# Spoke Protector Removal Query



## donal (29 Feb 2012)

Hi All,

Is it possible to remove the horrible looking spoke protector on my Hybrid without having to remove the cassette?

Thanks


----------



## ushills (29 Feb 2012)

Not really, you could break it off by snipping the plastic with snips but it's a 2 minute job with a chain whip and cassette tool.


----------



## subaqua (29 Feb 2012)

why would you want to remove it. if the chain pings off and goes that way rather than down the cassete its gonna be expensive , and it may cause you to come off the bike. is it really so important to remove it.


----------



## compo (29 Feb 2012)

On my hybrid I have the end stops on the mech set perfectly, but somehow the chain still occasionally manages to jump the big sprocket and go down between the sprocket and the spokes. This seems to be when trying to engage bottom gear on very steep climbs when the chain is under considerable tension. I suspect the hanger is deflecting enough to allow the over shift.
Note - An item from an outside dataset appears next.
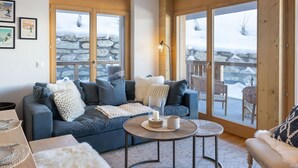 A cozy living room with a blue sofa, a coffee table, and a view of a snowy outdoor area through large windows. - Cosy apartment for 6 guests with hot tub, WIFI, TV and balcony (Basse-nendaz)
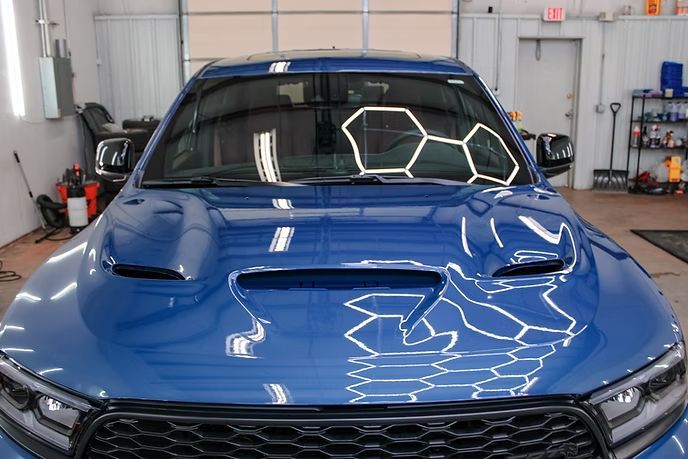 A blue Dodge Durango with a hood scoop parked inside a brightly lit automotive workshop.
I have actually fitted a spoke protector because of this.


----------



## fossyant (29 Feb 2012)

subaqua said:


> why would you want to remove it..


 
Because they are naff.  Correctly set up mechs never jump into the spokes.


----------



## fossyant (29 Feb 2012)

compo said:


> On my hybrid I have the end stops on the mech set perfectly, but somehow the chain still occasionally manages to jump the big sprocket and go down between the sprocket and the spokes. This seems to be when trying to engage bottom gear on very steep climbs when the chain is under considerable tension. I suspect the hanger is deflecting enough to allow the over shift. I have actually fitted a spoke protector because of this.


 
Hmm, try adjusting the limit screws a bit more. Shouldn't jump.


----------



## potsy (29 Feb 2012)

Took mine off just the other day, after having the bike 2 months.
Dismantled it with a serrated edge knife and a pair of pliers 

Looks much better now


----------



## subaqua (29 Feb 2012)

fossyant said:


> Because they are naff.  Correctly set up mechs never jump into the spokes.


 
yeah right .


----------



## tyred (29 Feb 2012)

I wouldn't bother to fit one when building up a new wheel but wouldn't bother to remove it from an existing wheel either. It can do no harm.


----------



## Peteaud (29 Feb 2012)

tyred said:


> I wouldn't bother to fit one when building up a new wheel but wouldn't bother to remove it from an existing wheel either. It can do no harm.


 
+1


----------



## I like Skol (29 Feb 2012)

KEEP IT!
The chain can easily be derailed (the clue is in the name!) by anything like a stray twig or piece of litter blown into the works and once it slips down the gap between cassette and spokes it becomes a very effective spoke cutting chain saw if you inadvertantly keep pedalling. Even the best set up deraileur in the world cannot prevent this. When mine got mislaid during a warranty wheel replacement recently I insisted the shop tracked down a replacement (I couldn't any available on the t'interweb fore love nor money)


----------



## HLaB (29 Feb 2012)

You'll need a new cassette soon enough, I'd wait till then to remove it neatly.


----------